Follow these steps to perform the V-Sit exercise correctly:

  1. Simultaneously lift your legs and upper body off the ground, balancing on your sitting bones.
  2. Keep your legs straight and raise them to form a V-shape with your torso.
  3. Reach your arms forward parallel to the ground, maintaining a straight back and engaging your core.
  4. Hold the V-Sit position for a few seconds, feeling the contraction in your abdominal muscles.
  5. Lower your legs and upper body back to the starting position with control.
  6. Repeat the movement for the desired number of repetitions.
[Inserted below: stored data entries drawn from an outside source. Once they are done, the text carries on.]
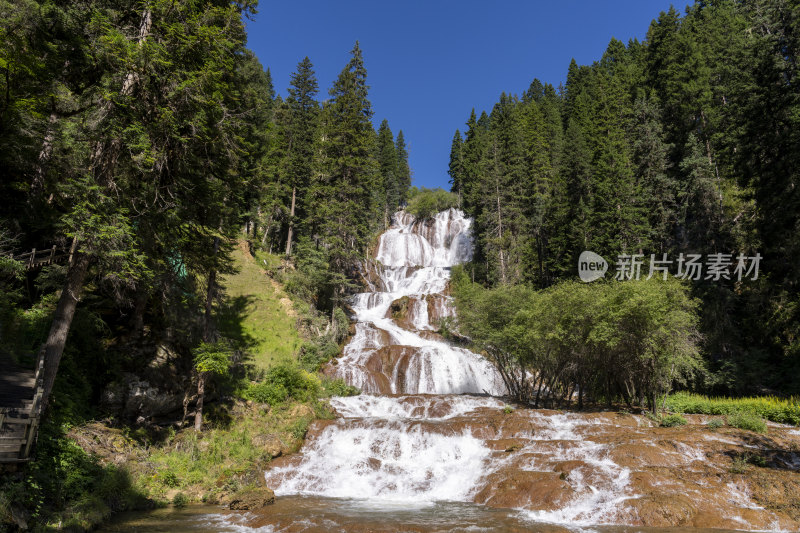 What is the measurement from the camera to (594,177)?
39.4 metres

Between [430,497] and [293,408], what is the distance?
8.95 m

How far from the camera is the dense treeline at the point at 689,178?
79.3 feet

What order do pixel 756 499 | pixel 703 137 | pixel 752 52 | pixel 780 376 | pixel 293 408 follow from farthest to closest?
Result: pixel 703 137, pixel 752 52, pixel 780 376, pixel 293 408, pixel 756 499

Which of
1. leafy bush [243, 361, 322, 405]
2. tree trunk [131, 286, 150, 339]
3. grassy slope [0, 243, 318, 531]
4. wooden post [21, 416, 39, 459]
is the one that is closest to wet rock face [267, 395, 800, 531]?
grassy slope [0, 243, 318, 531]

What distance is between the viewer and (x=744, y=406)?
810 inches

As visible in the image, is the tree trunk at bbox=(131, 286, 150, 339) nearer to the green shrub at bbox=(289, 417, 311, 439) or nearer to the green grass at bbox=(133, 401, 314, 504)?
the green grass at bbox=(133, 401, 314, 504)

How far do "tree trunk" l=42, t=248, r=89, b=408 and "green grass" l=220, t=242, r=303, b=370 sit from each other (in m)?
15.5

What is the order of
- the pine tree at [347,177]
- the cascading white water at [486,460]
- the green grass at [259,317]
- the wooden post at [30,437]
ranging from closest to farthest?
1. the wooden post at [30,437]
2. the cascading white water at [486,460]
3. the green grass at [259,317]
4. the pine tree at [347,177]

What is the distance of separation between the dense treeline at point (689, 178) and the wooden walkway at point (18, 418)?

Tips on doing this exercise

To optimize your V-Sit exercise, consider the following tips:

  1. Focus on maintaining a straight back throughout the exercise, avoiding rounding or arching your spine.
  2. Engage your core muscles to stabilize your body in the V-Sit position.
  3. Breathe deeply and rhythmically throughout the exercise, inhaling through your nose and exhaling through your mouth.
  4. Start with a modified version by bending your knees if the full V-Sit is too challenging. Gradually progress to straightening your legs as you build strength.

Common Mistakes

Be mindful of these common mistakes to ensure optimal execution of the V-Sit exercise:

  1. Avoid hunching your shoulders or straining your neck.
  2. Keep your upper body relaxed and maintain proper alignment.
  3. Do not rely solely on momentum to lift your legs and upper body.
  4. Focus on engaging your core muscles to perform the movement with control.

Recommended Ranges
  • Beginners: Aim for 8-10 repetitions, completing 2-3 sets.
  • Intermediate: Progress to 12-15 repetitions, completing 3-4 sets.
  • Advanced: Challenge yourself with 15-20 repetitions, completing 4-5 sets.